Suicide bombings are rare in Iran, but Sunni militant groups have carried out several attacks on Iranian security forces in the Sistan-Baluchestan province in recent years.

Iran has stepped up security in border areas after gunmen in September fired at a military parade in the southwestern city of Ahvaz, killing 25 people, almost half of them members of the elite Revolutionary Guards corps.

An Iranian ethnic Arab separatist Sunni militant group and Islamic State both claimed responsibility for that attack.

Last year, in the first deadly assault claimed by Islamic State in Tehran, 18 people were killed at the parliament and mausoleum of Ayatollah Ruhollah Khomeini, founder of the Islamic Republic.

Jaish al-Adl (Army of Justice), a Sunni militant group that has carried out several attacks on Iranian security forces, mainly in Sistan-Baluchestan, claimed responsibility for an attack in 2017 that killed 10 border guards near Pakistan.

In 2010, two suicide bombers killed at least 28 people, including some of Revolutionary Guards, at a Shi'ite mosque in southeast Iran, an attack Iranian leaders said was backed by the United States.
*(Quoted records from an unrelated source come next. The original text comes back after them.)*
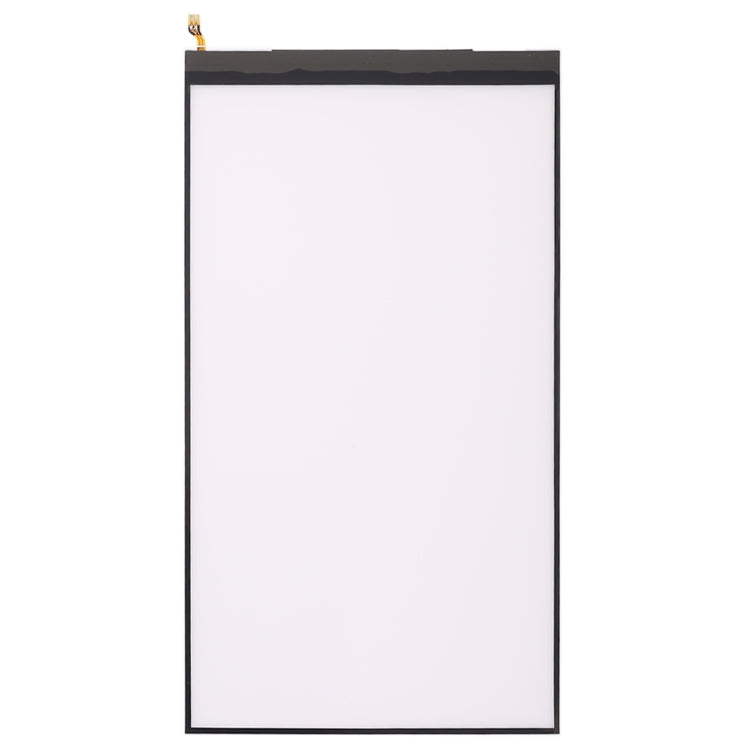 For Huawei Enjoy 7 LCD Backlight Plate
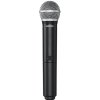 Shure BLX2/PG58 H8E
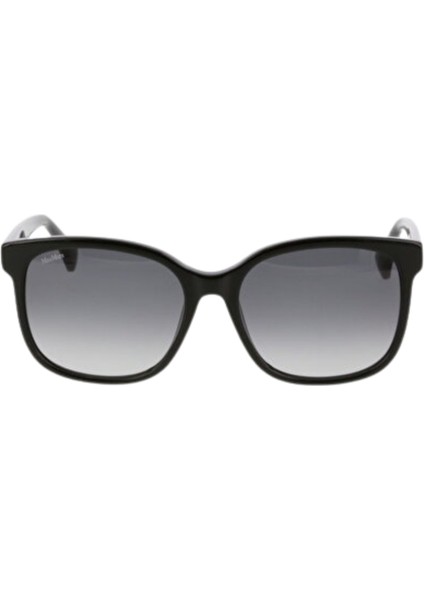 Maxmara 0025/S 01B 57/17/140 Kadın Güneş Gözlüğü fiyatları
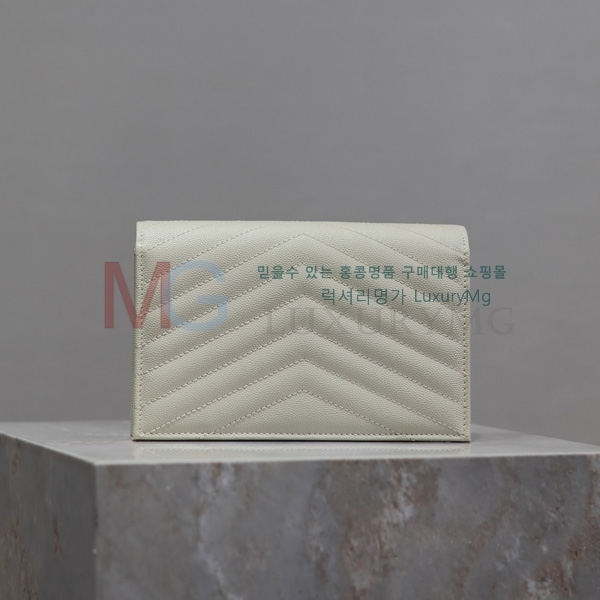 ζ ü  ̴ ũν 393953-6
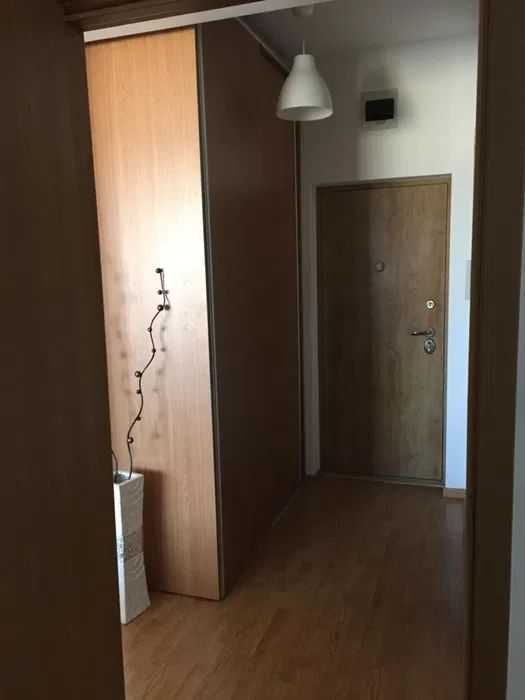 Apartament 2 camere în zona Calea Turzii-24338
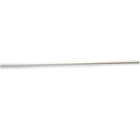 Žací struna průměr 2,4 mm délka balení 87 m profil dual power line pro křovinořezy a vyžínače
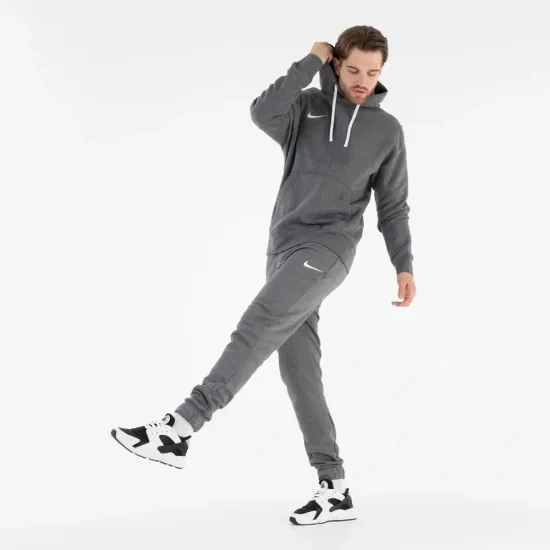 Спортивні штани Nike Park 20 Fleece Pants CW6907-071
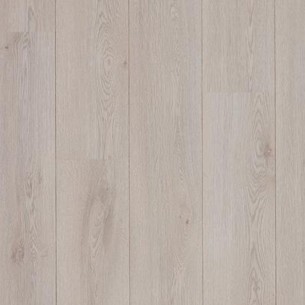 BERRY ALLOC ORIGINAL LIGHT OAK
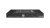 386932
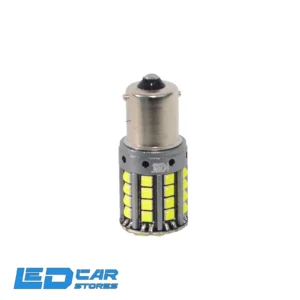 KNN 1156 with heel white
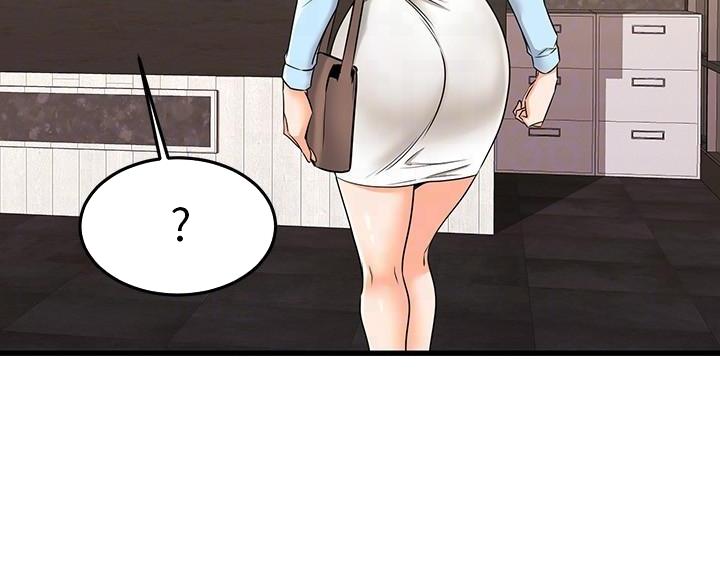 第115话5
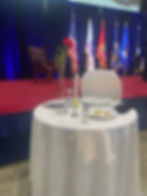 TEC Event Services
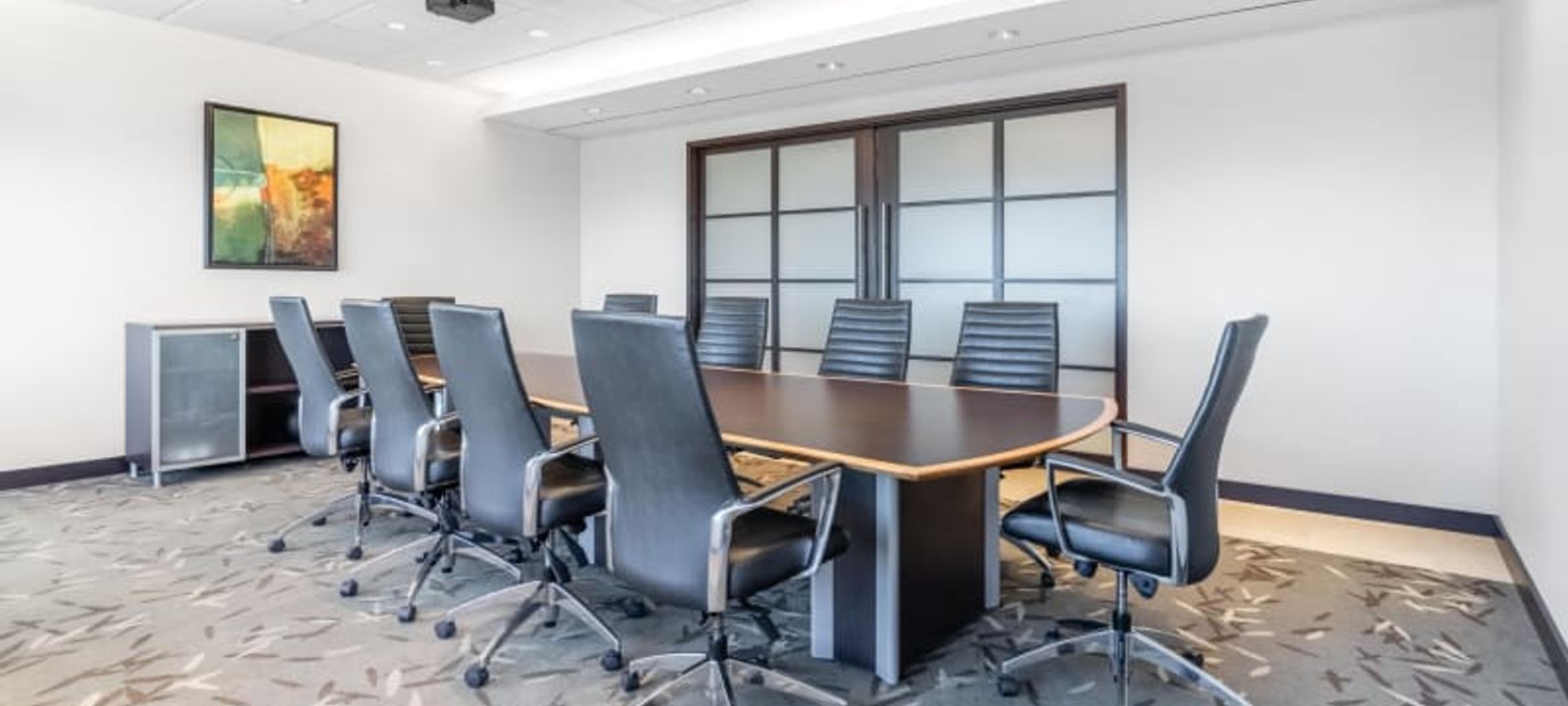 100 King St W, Toronto - Image 1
The attack was claimed by a Sunni separatist group called Jundullah (Soldiers of God).

Tehran accuses its Sunni-led regional rival Saudi Arabia and the United States of funding most of these groups, a charge that Riyadh and Washington deny.

"Foreign-backed terrorists kill & wound innocents in Chabahar. As we've made clear in the past, such crimes won’t go unpunished," Foreign Minister Mohammad Javad Zarif tweeted.

"In 2010, our security services intercepted & captured extremists en route from UAE. Mark my words: Iran WILL bring terrorists & their masters to justice."

Iran also says that militant groups are sheltering across the border in Pakistan and has threatened to attack their bases if Islamabad does not confront them.

Chabahar is a free trade zone and the site of an Indian-backed port complex being developed as part of a new transportation corridor for landlocked Afghanistan.